*Work task*
From the entries below, copy every line that holds the word "bedroom".

*Input*
►
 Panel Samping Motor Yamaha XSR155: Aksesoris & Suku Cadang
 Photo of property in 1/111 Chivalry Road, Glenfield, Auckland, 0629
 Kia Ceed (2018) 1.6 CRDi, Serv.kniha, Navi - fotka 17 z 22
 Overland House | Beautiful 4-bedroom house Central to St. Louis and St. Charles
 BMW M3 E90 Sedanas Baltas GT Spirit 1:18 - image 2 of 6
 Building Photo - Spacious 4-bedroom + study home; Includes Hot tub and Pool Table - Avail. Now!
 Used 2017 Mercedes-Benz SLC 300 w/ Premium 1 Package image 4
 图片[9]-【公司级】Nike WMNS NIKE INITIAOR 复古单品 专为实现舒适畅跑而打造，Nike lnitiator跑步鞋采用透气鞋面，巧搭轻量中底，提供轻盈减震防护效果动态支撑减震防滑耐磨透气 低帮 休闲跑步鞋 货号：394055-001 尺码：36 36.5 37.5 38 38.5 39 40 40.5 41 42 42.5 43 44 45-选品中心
◄
►
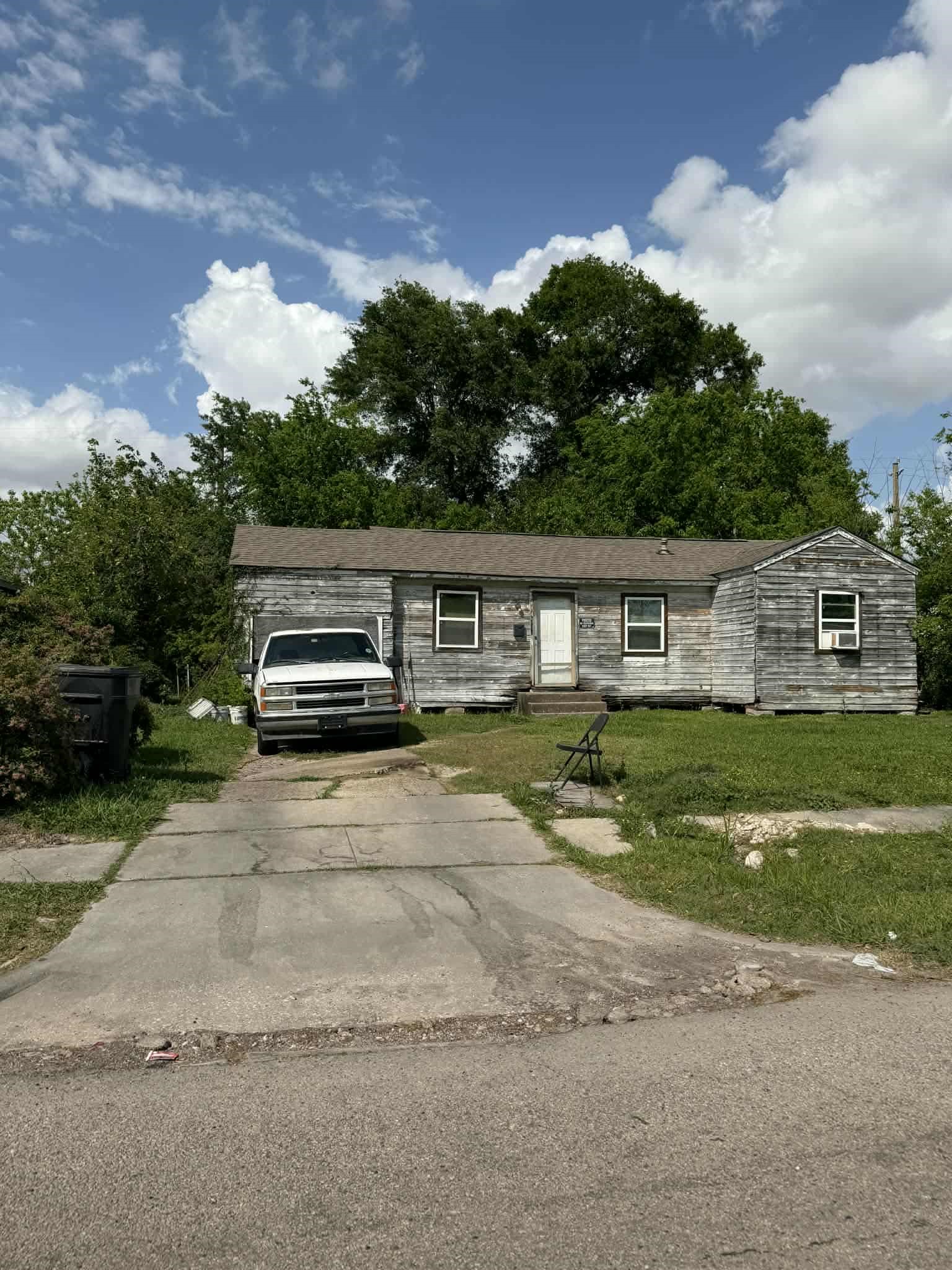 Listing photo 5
◄
►
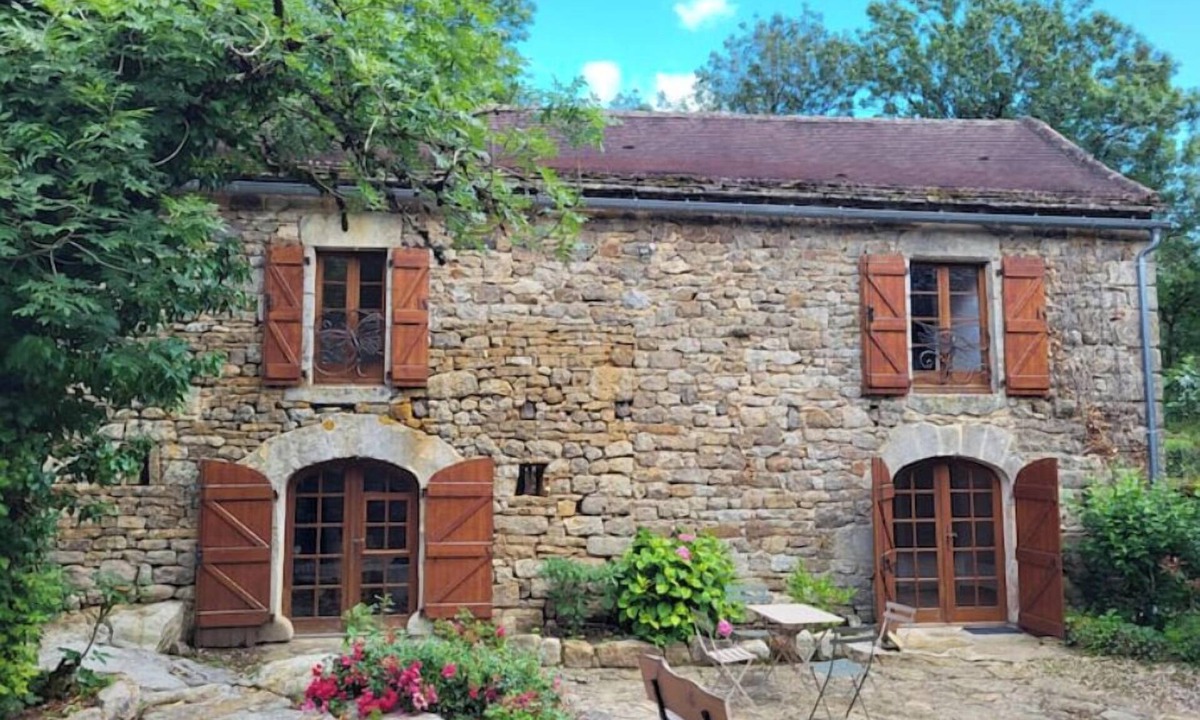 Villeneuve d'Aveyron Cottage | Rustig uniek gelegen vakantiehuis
◄
*Finished exercise*
 Overland House | Beautiful 4-bedroom house Central to St. Louis and St. Charles
 Building Photo - Spacious 4-bedroom + study home; Includes Hot tub and Pool Table - Avail. Now!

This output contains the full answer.